Вообще, социально-политический сценарий захвата власти в центре активными молодыми людьми при общей пассивности основной массы населения, в особенности на периферии, и дальнейшего осуществления передачи власти и передела собственности полулегальным путём, - слишком часто и регулярно повторяется в истории некоторых государств и народов. Более того, как считают некоторые исследователи, в отдельных странах этот «случайный» сюжет эволюционировал до уровня системы. К таким странам порой относят и Россию. Некоторые сторонники этой точки зрения отмечают, что Россия в свою очередь позаимствовала эту социально-политическую модель у кочевников Центральной Азии, т. е. политические и культурные традиции России имеют корни в монгольских степях в не меньшей степени, чем в Византии. Преемственность политических традиций Золотой Орды в Московской Руси отмечало не мало историков73, некоторые из которых пошли ещё дальше и предположили, что «деспотизм Советского государства в ХХ веке является в значительной степени логической кульминацией одного из его наиболее важных корней, деспотизма Монгольской империи, который в XIII веке был установлен на русской почве…»74 Эти предположения, возможно, наконец, дадут ответ на вопрос: почему исповедуемый большевиками принцип передела власти-собственности средствами широкомасштабного террора столь благополучно прижился на монгольской почве. Не потому ли, что Советская Россия «вернула» Монголии «саму себя» – тот принцип политической жизни и существования социума («интеграции большого количества населения, рассеянного по огромным степям, в единый военно-политический механизм» при сильной власти)75, который на время был «отнят» у монголов маньчжурами. Конечно, подобное историческое сравнение остаётся не более чем неразработанной гипотезой, и в рамках данной работы мы не ставим задачу её развить, оставляя эту тему для будущего исследования. Тем не менее, мы уверены, что понимание особенностей интеграции кочевого общества может пролить свет на природу МНП и РСМ.

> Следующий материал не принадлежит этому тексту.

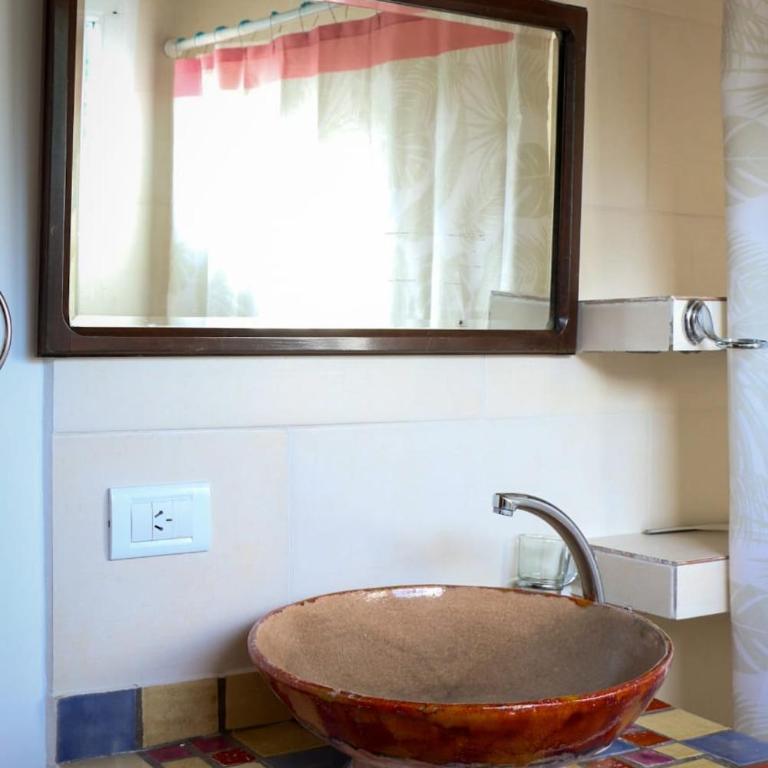 DuplexMarChiquita - Apartamento de 2 dormitorios - 6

Природа же ГВО не замедлила проявиться. 29 июля 1922 Народное правительство «для всеобщего сведения» опубликовало «Обращение по поводу распространения слухов», в котором припугнуло «князей, лам, чиновников – всех» «законами и средствами», способными образумить «легкомысленных и несознательных», тех, кто «станет поперёк дороги…»76 30 августа 1922 по делу, сфабрикованному ГВО, расстреляли 15 человек. Эта первая политическая репрессия новой власти была направлена против первого премьер-министра этой власти (революция пожирает своих героев) Д. Бодо. Вместе с ним за дело революции сложили свои головы и другие «борцы» – Д. Чагдоржав, У. Дэндэв, Да лама Пунцагдорж… Здесь и в дальнейшем мы не будем углубляться в описание всех перипетий внутрипартийной борьбы, тем более что политический аспект темы подробно освещён в работах С.К. Рощина и Д. Дашпурэва77. Отметим другое. Документально известно, что главным «застрельщиком» кампании против Бодо был С. Данзан. Почему эти два лидера партии не могли смириться с разницей во взглядах друг друга, подобно кукушатам пытаясь выбросить соперника из гнезда? Первый трагический жребий судьбы выпал Бодо, но вскоре придёт очередь и Данзана, а потом этот сценарий ликвидации бывших товарищей будет неоднократно повторяться. Напоминает ли это внутрипартийную борьбу в Советском Союзе? А может быть старые страницы истории: месть Чингисхана своим обидчикам, его расправы с могущественными соперниками или бывшими закадычными друзьями78? Вероятно, многим покажется не совсем корректным такой исторический параллелизм. Но столь ли корректна точка зрения о том, что СССР привнёс весь ужас коммунистических репрессий в монгольскую историю ХХ века? На наш взгляд, принцип уничтожения всех противников (и союзников) на пути к власти был заложен в саму структуру кочевого общества79, а политика Советского Союза и Коминтерна только возбудила дремавшие силы в монгольской степи…

Зато советские и коминтерновские работники учили монгол новым современным методам государственной идеологической пропаганды. Осенью 1920 вышел первый выпуск «Монгольской Правды», а летом 1921 начинает печататься еженедельная газета ЦК МНП на монгольском языке80.

Русские революционеры поощряли своих младших монгольских братьев митинговать и праздновать: 8 сентября 1921 в Урге состоялся большой митинг, на котором Данзан «разоблачил деятельность Унгерна и призвал монгол учиться», а 7 ноября столица праздновала четвёртую годовщину Великой Октябрьской Ссоциалистической Революции, и на главной площади собралось 6 тысяч человек81.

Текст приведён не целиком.